Pakistan: Better Late Than Never In Outsourcing

Think software and services outsourcing, and places like Bangalore, Manila, and perhaps Budapest spring to mind. But Lahore or Karachi? The Pakistani cities might not be on the outsourcing map yet, but the country's software shops are out to change that. "As a natural course, American companies would not look at Pakistan," acknowledges Jehan Ara, president of the 250-member Pakistan Software Houses Assn. "So we have to get them to look at us, and once they do business with us and credibility is established, they come back for more."
It makes sense for Pakistan to follow in India's footsteps and try to boost its outsourcing business. The country, after all, shares India's British colonial history and has some 17 million English speakers. It has a huge community of émigrés with experience in technology. And like India, it has a culture that values education and hard work. Wages, meanwhile, stand at about the same level as in India, with call center workers earning about $12 per day and starting software engineers pulling in $5,000 or so annually.

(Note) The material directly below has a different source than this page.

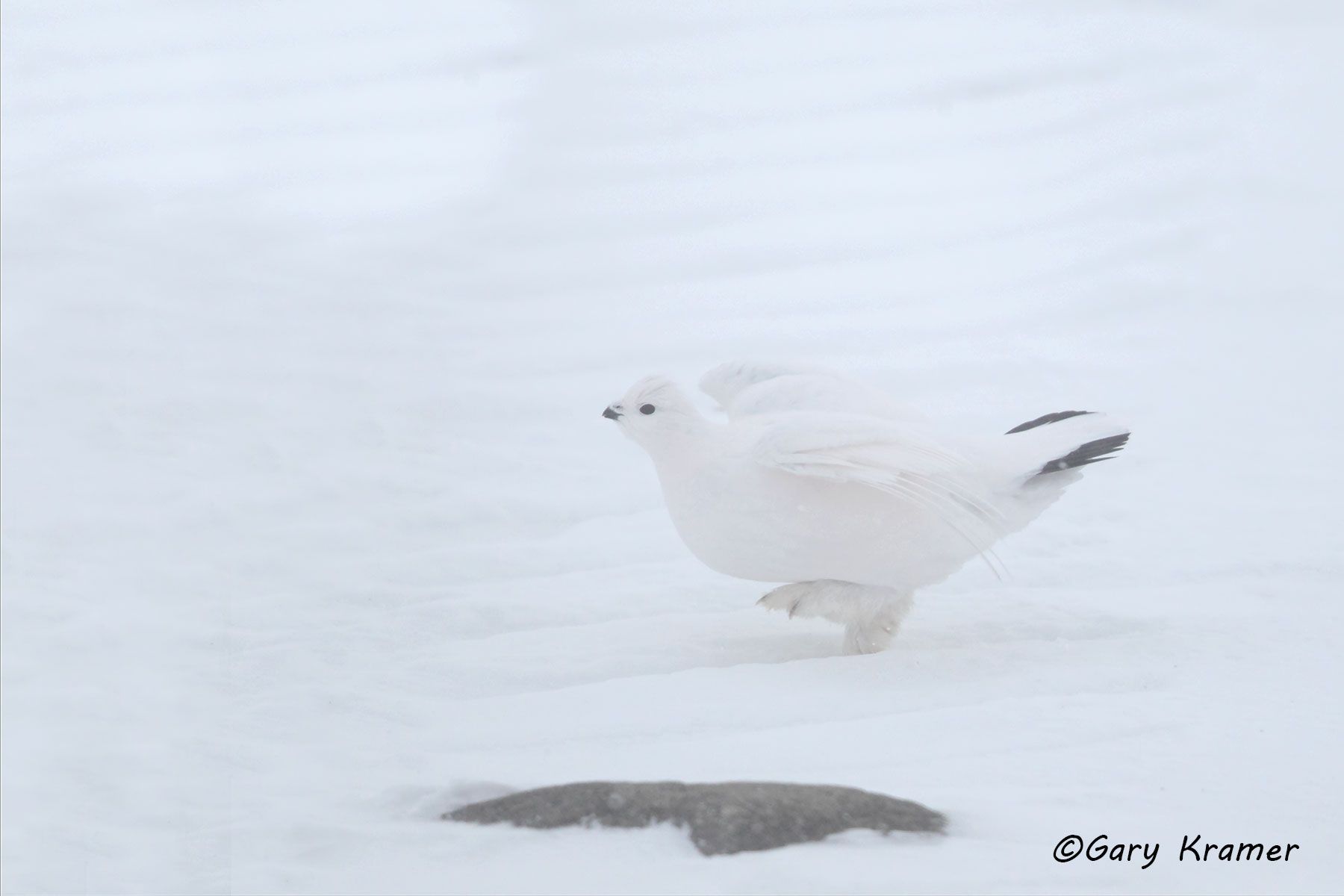 Willow Ptarmigan ( winter) (Lagopus lagopus) - NBGPww#090d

Still, Pakistan remains far behind India. Last year the country's software and IT services business hit just $300 million, and exports made up only about 11% of that. India, by contrast, booked $12.8 billion in software and services exports in 2004. But the Pakistan Software Export Board, a federal body set up to promote outsourcing, forecasts that the business will grow by at least 45% annually in coming years. "Pakistan started late but now is catching up very fast in software development," says Prime Minister Shaukat Aziz.

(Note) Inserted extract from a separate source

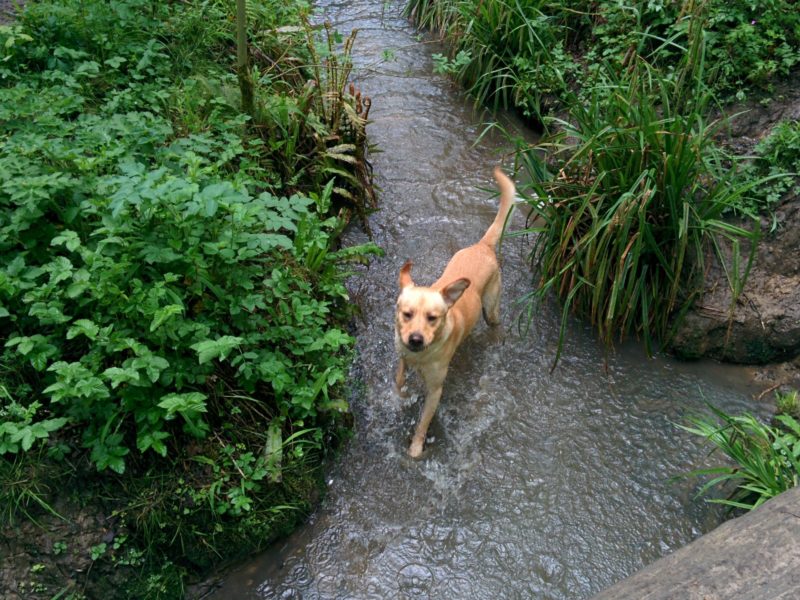 London Loop 3 - Ralph in Sparrow Wood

Lower-level operations such as call centers are expected to grow even faster: Some 120 centers have opened in Pakistan in the past two years. Today they employ 3,500 people, and that number is expected to grow by 60% a year. Arwen Tech, a Karachi company that runs a 600-seat center, saw its sales double last year, to $10 million, serving clients such as Pakistan International Airlines and the local franchisee for KFC Corp. (YUM! ). Now the company is building a 1,500-seat facility and hopes to boost revenues tenfold, to $100 million, in the next five years as it attracts more international clients.

Pakistan could use the boost that outsourcing provides. Unemployment is officially pegged at 8%, although in reality it's far higher than that, and the government is looking for ways to fuel economic growth. Pakistan needs technology to increase efficiency and productivity. And software exports will help the country move away from its reliance on textiles, which make up 65% of total exports.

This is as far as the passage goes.